My attempts to blaze a trail for neurodiversity rights in America largely consists of me awkwardly introducing myself to key people, online and in person, who might prove to be valuable allies. I tell them my backstory and then present my neurodiversity-positive perspective to them. If they see the light, they see it; if they don’t they are just awful to me.
At the college I graduated from (finally, with no accommodations whatsoever), a new class is being taught by two women, a psychologist educator and a clinician, on autistic psychology. I contacted them to have a sit-down to see if they were on the same page as me and therefore willing to be resources and allies.

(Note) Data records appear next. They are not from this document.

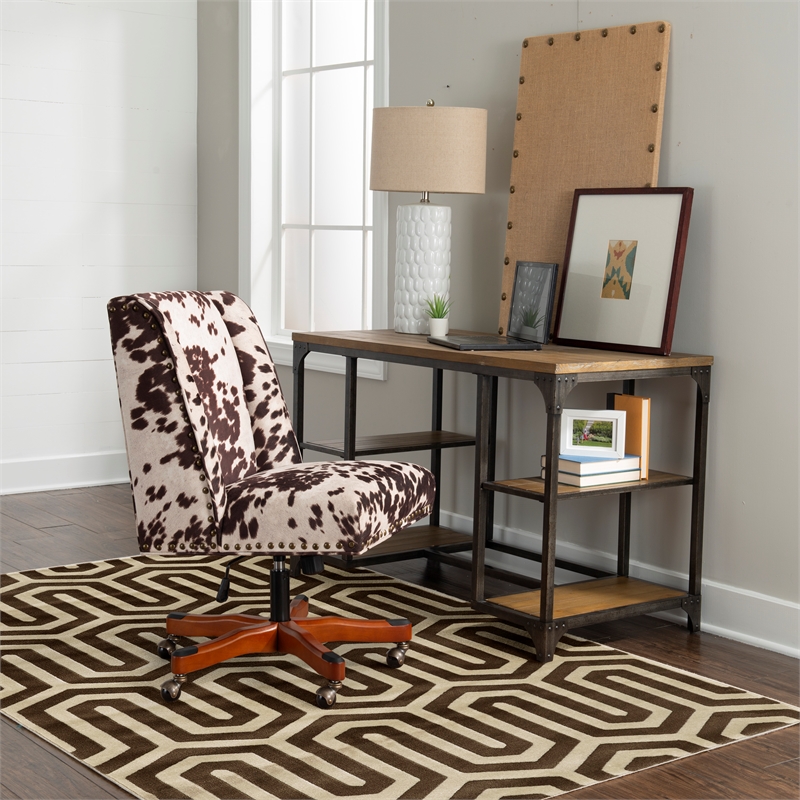 Linon Roma Zigzag Power Loomed Polypropylene 5'x7' Rug in Ivory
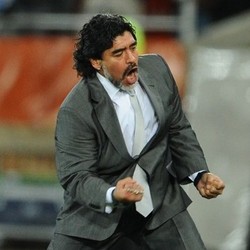 Maradona Menuju Iran?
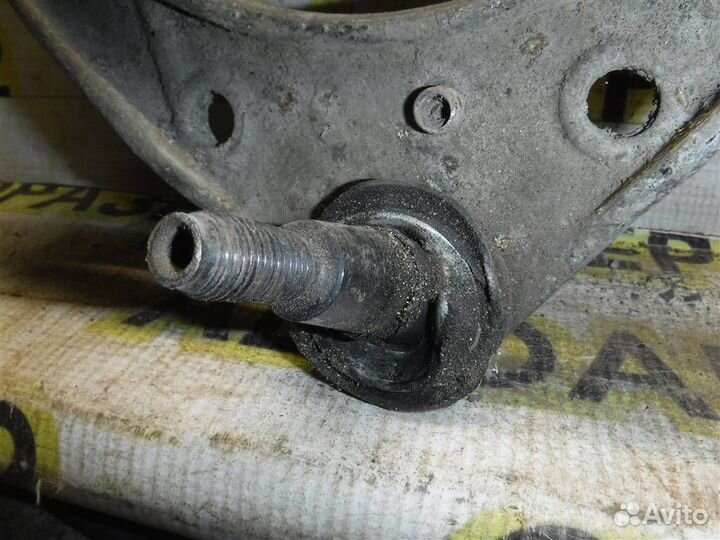 Рычаг передний верхний Volkswagen Touareg I (7L)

It didn’t go quite like I’d hoped.
I introduced myself as an autistic rights advocate. The Educator was friendly and welcoming, if a bit maternalistic, and perhaps this is because she has an autistic son. However, she invited her teaching partner for the class, the Clinician, to sit in on our conversation. I’m not as good at speaking with more than one person to keep track of, but what I have to say is important so I agreed. After going along in my spiel for a while, the Clinician interrupted me as I was finishing up the grittiest part of my tale, and in a voice dripping with condescension, preceded to ask me, like I was a dumb neophyte, what I thought I was really going to do to advocate for autistic people.
In fact, her tone was so acid, I had difficultly understanding for a moment what she was getting at. What she was “getting at” was confirming the power imbalance between us by trying to insult my efforts and enthusiasm. I admit, I had criticisms of how her profession has harmed people like me and how clinicians frequently don’t listen to women who come to them with a suspected autism diagnosis. I spoke of how clinicians are prone to over-pathologizing people with neurological differences rather than working with us to figure out how to navigate our cognitive profile and cultural variance.
If you are a professional who balks at this, I think you are the one who has developmental difficulties. An important aspect of growing as a professional is being willing to heartily consider the perspectives of the very people you purport to study and help. Clinicians, researchers, nonprofits, and parent organizations have been belittling, nay fighting, the ideas and concerns of autistic adults for quite some time – intellectual disability or not.
In addition, I’ve spent the last couple of decades living as a person people took to be a normally developed adult woman. Now that I disclose my diagnosis to certain folks, I am amazed at how differently I am addressed and spoken to. Some people take on a parental tone and some speak to me as if I have an intellectual disability. Some are sarcastic or pandering, not understanding that I can easily pick up on this, but not react to it immediately. In truth, I’ve been independently navigating the adult world with no accommodations or mercy for over 25 years and I think out my actions and projects to an insanely meticulous degree.
[Note: Please speak to all developmentally disabled adults, whether their intellectual abilities are compromised or not, as if they are adults you respect and value. Always. Even when we say things that might seem uncouth or too blunt. Doing otherwise is ableist. If we screw up and insult you, a simple “Hey, I didn’t like this thing you said because it implied this and made me feel thus” is perfectly adequate. We value this kind of feedback because being able to get along with others is important to our survival, assimilation, and self-advocacy.]
However, when it comes to speaking the truth about the urgent issues that autistic people face in America, especially in the deep South, I’m not going to sugar-coat our perspective and its validity. Sorry if it makes you uncomfortable, but people like me are accustomed to being uncomfortable all the time. Welcome to our world.
Sadly, these condescenders are the same folks who ought to be the ones advocating for our perspective. Ableism runs deep, however, especially in the medical profession. When the patient is cognitively or socially different, the patient is always wrong, mistaken, or misperceiving the situation. There are many phrases and euphemisms to express to someone that you don’t value or believe them, and maybe even think they’re crazy and misguided.
What gives me confidence in my perspective is the chorus of voices I have encountered since taking up this cause for myself and others like me. Women in the autistic community write beautifully about their experiences, both internal and external. We have a style that transmits clarity, grace, and a heaping helping of blunt-force truth. We are consummate communicators, given the right method, and this is one of the major differences between autistic males and females. [Interestingly, the two women didn’t even directly cover gender differences in an entire semester.]
We know how to spell shit out for normals is what I’m saying.
Problem is, no one is deigning to listen. No one is seeking us out for our opinions. No one is giving us any funding, marketing, or nonprofit money to further our cause. We all know now that women and minorities have a hard time getting people to believe what they experience. Imagine how having a stigmatized brain condition and being female complicates this. Add on not being white and/or being queer and you can understand why our suicide rate is shockingly high.
After explaining to the Clinician the various direct actions and programs we need in our community to mitigate our suffering and how I’ve been avidly building a network and platform for three years, I hope her misgivings were assuaged. But, boy, it left a bad taste in my mouth. I hope they heed my words and give my ideas a bit more study . . .
One mean-ass old white woman down; a bazillion to go.